First she worked as a saleswomen, then opened her own container, where she sells clothing she has shown here in Bishkek. The change from the warm classroom to hours in a freezing iron container hit her hard and she lost all but four teeth – she says to the cold.

Her container is well taken care of and her goods – mostly bathrobes and women’s blouses, are well presented. I told her I liked her container.

“I love my products,” she said. She patted one white, fuzzy robe as she showed it to me. “This is called snegurhichka,” she said, naming it after the pretty young woman who accompanies Father Ice at the New Year.

What was especially nice was to see how she’d been able to improve her families standard of living. Within the past few months alone she’d purchased a $450 modern washing machine, and a new gas stove.


This evening I invited my friend Zhenya over to share the pot of vegetable soup I’d cooked up. She came over with her son Algubek and a bunch of goodies from her new store – carrot juice, yogurt, gumdrops and cookies.
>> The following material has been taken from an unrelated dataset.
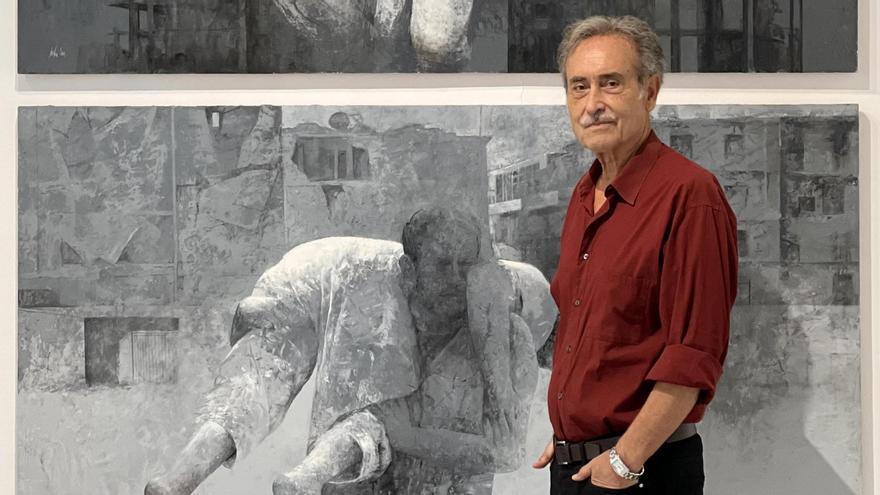 Pedro Cano, en Madrid, frente a dos de las obras de ‘Siete’.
She loved the richness of all the vegetables in my soup, but both she and her son had trouble adapting to the lack of potatoes.

Algubek spun his spoon around in his bowl. “I’m just looking for potatoes,” he said.

She works every day at her new store, from 8 a.m. to 8 p.m. She can’t trust her salespeople to open or close the store without stealing, so it’s impossible for her to take a day off.

“I’m dying to go to the mountains, to get out into nature,” she said. “But I can’t find a way to take a day off.”

It was nice to catch up with her. I feel like I’ve been spending too much time lately either at work or with my expatriate friends. Zhenya was the first friend I made upon arriving in Kyrgyzstan almost a year and a half ago and I’m very thankful for all she’s taught me about local life.


Tomorrow Zhenya will accompany me to my belly dancing class. That’s something that I’ve taken up in the last week, along with downhill skiing and Kibo. Belly dancing is very popular in Bishkek. At the health club that I’m currently attending (where I’m pretty much the only foreigner), they offer 20 belly dancing classes per week, and most are packed. As a tall, uncoordinated white person, I pretty much look like a fool. But luckily the people aren’t very judgmental and they allow me to make my slow progress at my own rate.


I finally visited Beta Stores for the first time since it opened in late December. This was the major Turkish supermarket and department store that was completely looted during the March 2005 revolution. Understandably, the owners lost a lot of money and it’s impressive they even rebuilt. But the new Beta stores is less exciting than the previous version. They seem to have filled less space with goods, offering a smaller selection. And the upper floors have been divided into small spaces and rented out. This makes it look more like Tsum, the former state department store, than the major department store it once was. It was sadly quiet and empty when I visited, as though the new, shiny walls held only the ghost of its former presence.